Former Spurs boss Harry Redknapp made similar remarks last season, while his successor Andre Villas-Boas has also championed his belief that Tottenham can challenge at the very top.
King played for Spurs for 16 years after joining the north London outfit as a schoolboy but there is compelling evidence that this is not simply a case of rose-tinted specs.
After all, before a recent slump, Tottenham were unbeaten in twelve league games and the club boasts one of the finest players in the world in Gareth Bale.
In the likes of Hugo Lloris, Jan Vertonghen and Moussa Dembele, Bale is supported by a cast of international class performers, while in Kyle Walker, Steven Caulker, Lewis Holtby and on-loan duo Andros Townsend and Danny Rose, the club possesses exciting young talent with plenty of potential.
Key to any future title challenge will be keeping Bale at White Hart Lane (and to do so, Spurs will almost certainly have to overcome their present difficulties and qualify for next season’s Champions League) but Villas-Boas has the core of a the squad already in place.
There remain some glaring weaknesses, however. In Emmanuel Adebayor and Jermain Defoe, Tottenham possess two strikers who are simply not good enough or consistent enough to play for a club challenging for the title, and both must be swiftly and effectively replaced or demoted.

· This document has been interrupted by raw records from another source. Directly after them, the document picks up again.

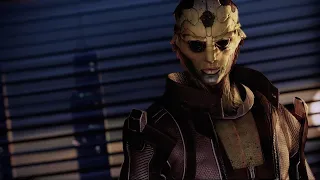 Mass Effect 2 Legendary Edition - прохождение 10 (Завербовать наемного убийцу)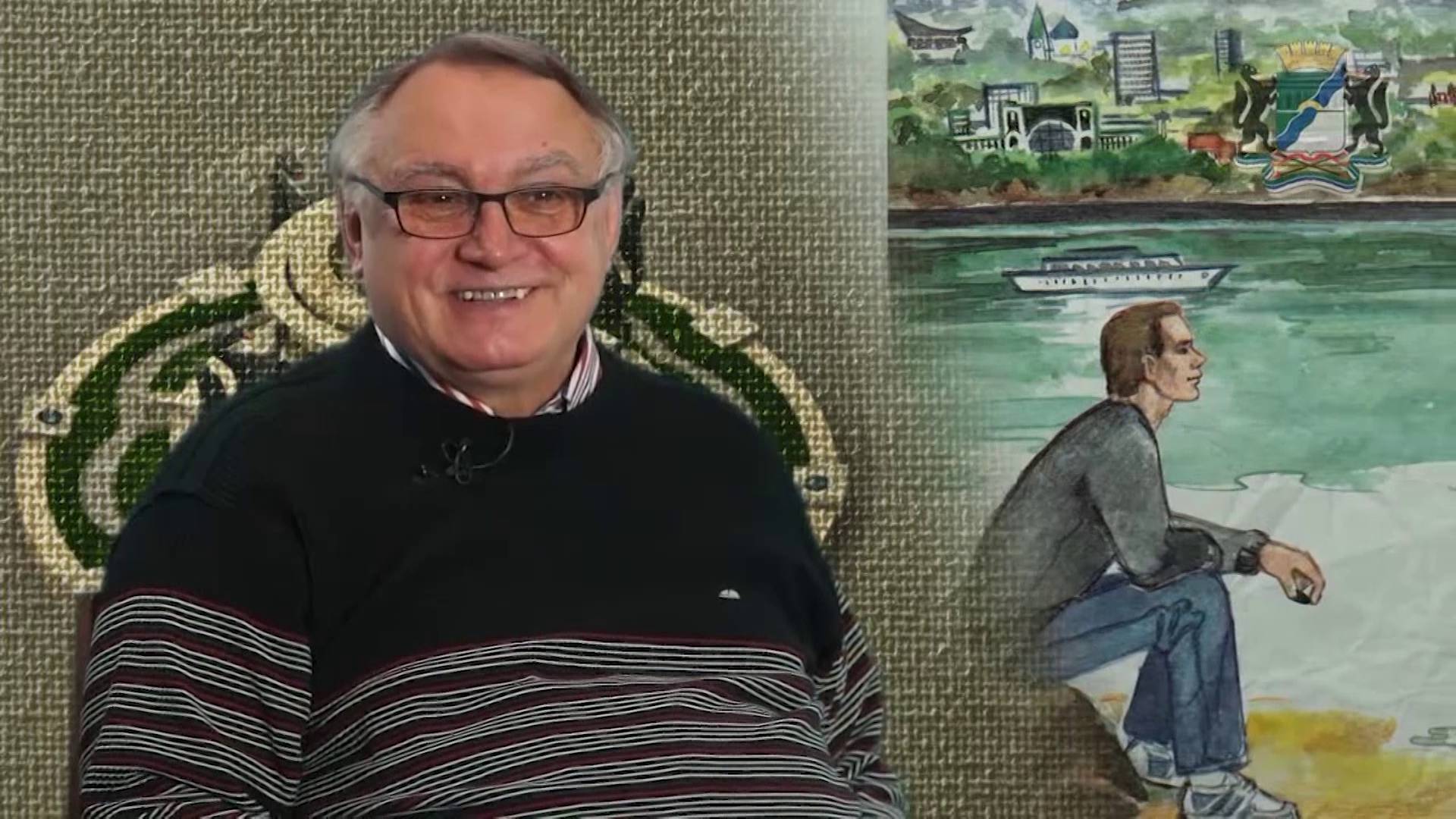 Владимир Викторович Шамов // "Зажги свечу" 30.08.25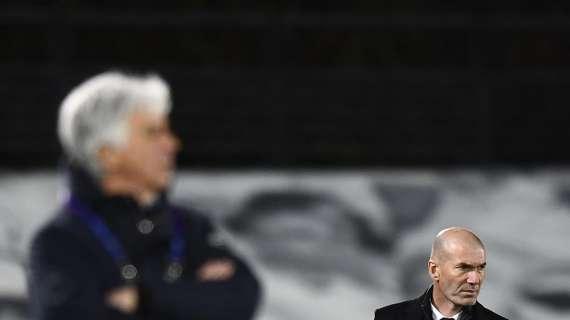 Gasperini: "Solo Inter e Juventus hanno qualcosa in più di noi, con le altre siamo competitivi"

Doubts also linger about Spurs squad depth and there is a glaring lack of competition for both Lennon and Bale, at least until Rose and Townsend return to the cub.
There is also a sense that Spurs retain a touch of the mentality fragility that has hampered their progress in recent season. The second leg Europa League capitulation against Inter was not the professional performance of Champions, and there are worrying signs that the club is headed towards a third successive late-season collapse.
If they can avoid capitulation and qualify for the Champions League, however, some savvy signings in the summer could well propel Spurs to the next level.